Records to process —
-----
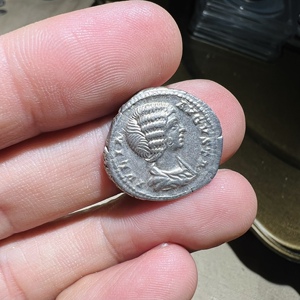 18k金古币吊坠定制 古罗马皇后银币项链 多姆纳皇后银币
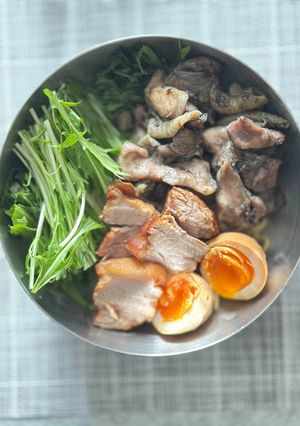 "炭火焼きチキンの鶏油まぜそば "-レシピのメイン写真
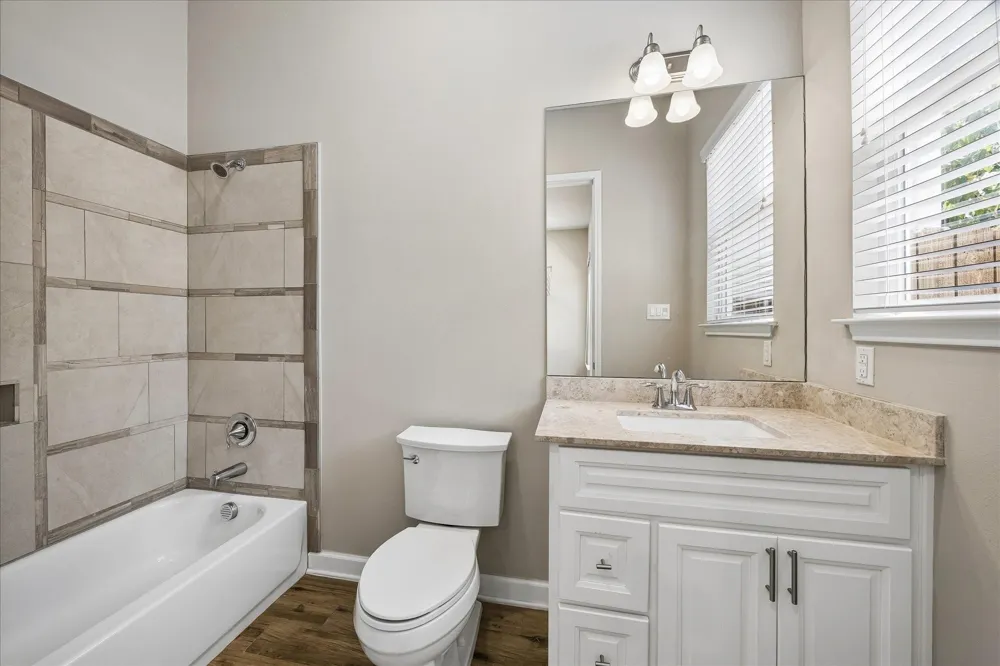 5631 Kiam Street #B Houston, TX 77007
-----
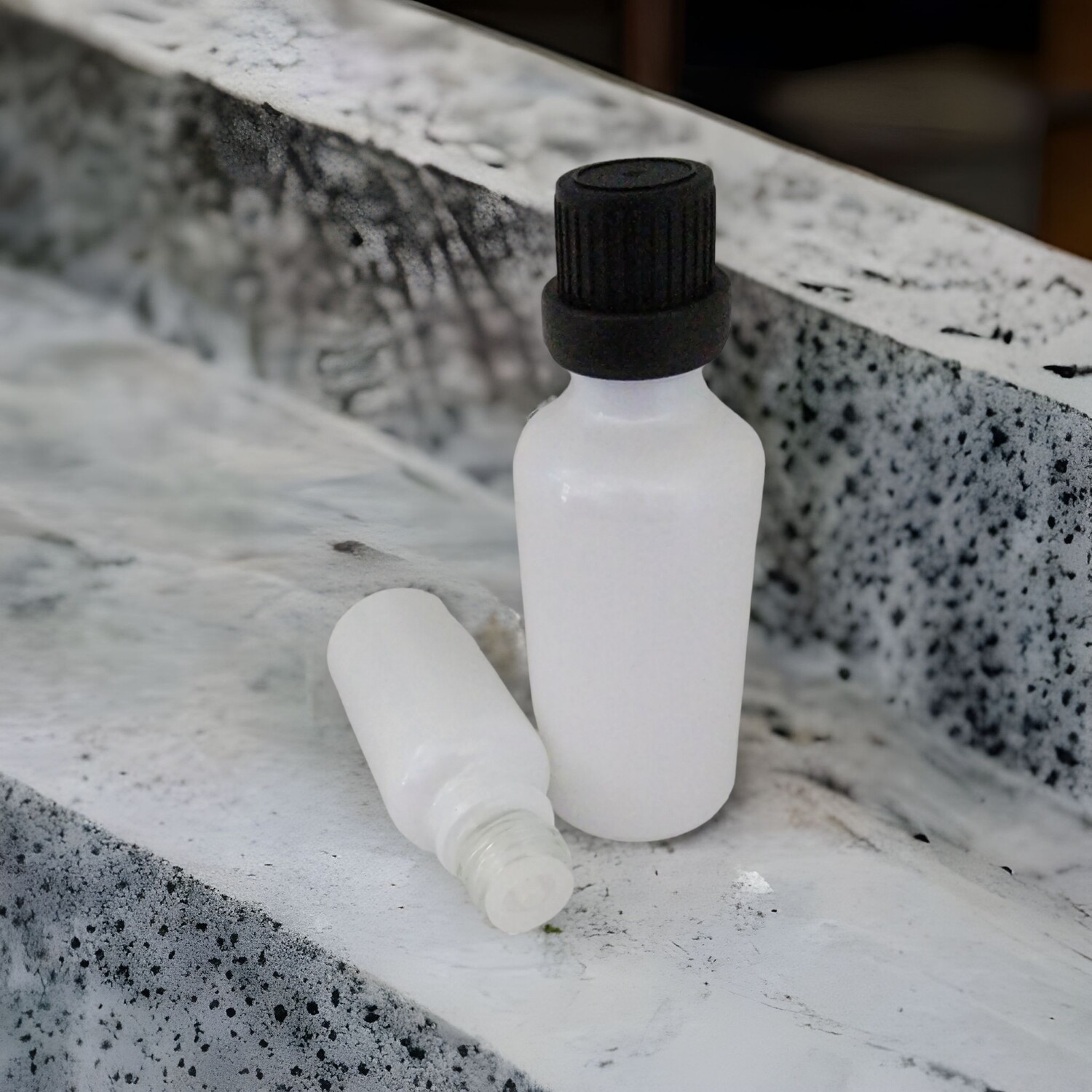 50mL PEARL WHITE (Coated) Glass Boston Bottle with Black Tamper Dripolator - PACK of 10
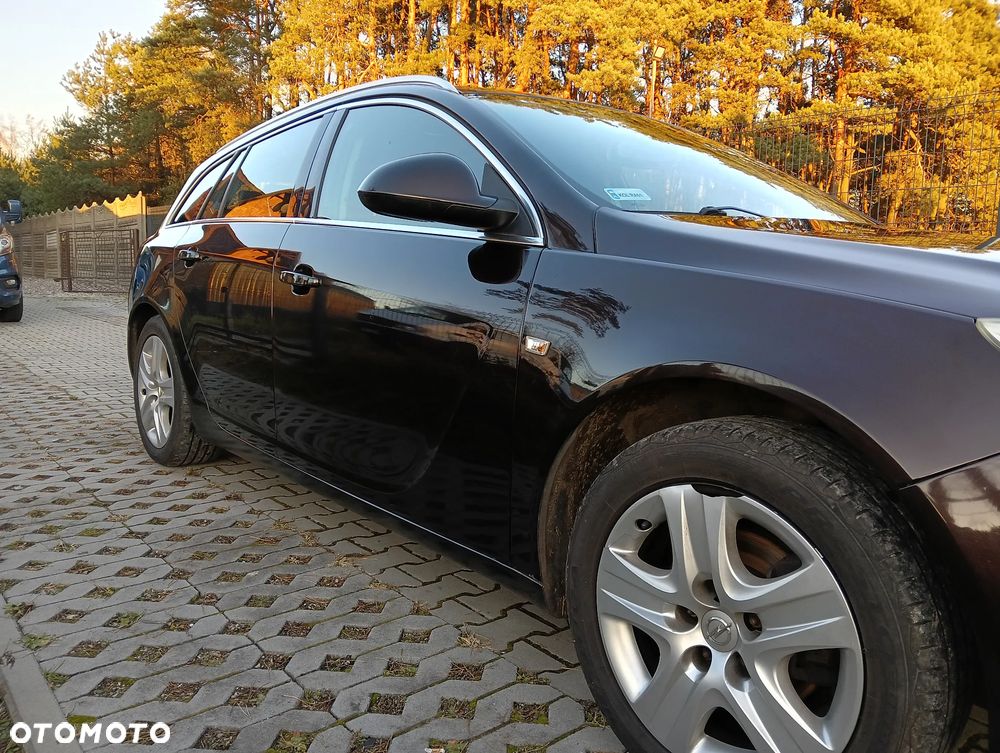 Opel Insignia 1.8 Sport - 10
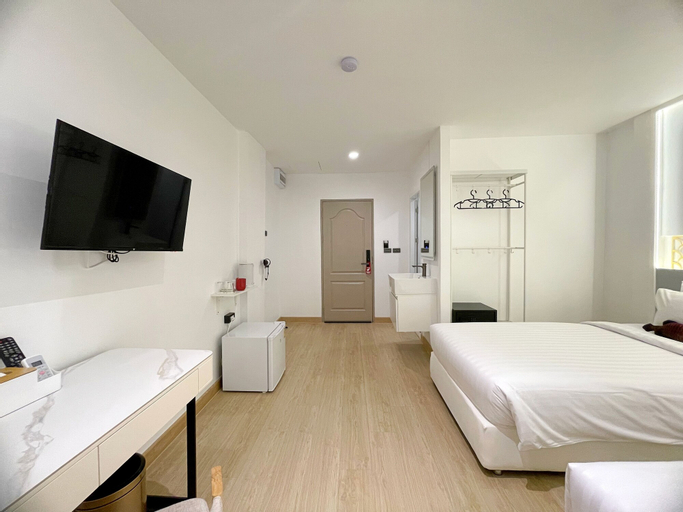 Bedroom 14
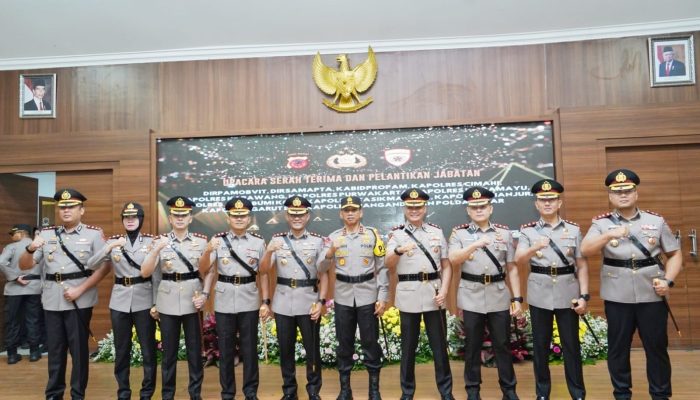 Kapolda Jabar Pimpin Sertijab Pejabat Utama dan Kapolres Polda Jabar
-----
Look back at the data above, then output exactly the lines from the line holding "Opel Insignia 1.8 Sport - 10" up to and including the line holding "Kapolda Jabar Pimpin". Leave out the pictures.

Answer for this exercise —
 Opel Insignia 1.8 Sport - 10
 Bedroom 14
 Kapolda Jabar Pimpin Sertijab Pejabat Utama dan Kapolres Polda Jabar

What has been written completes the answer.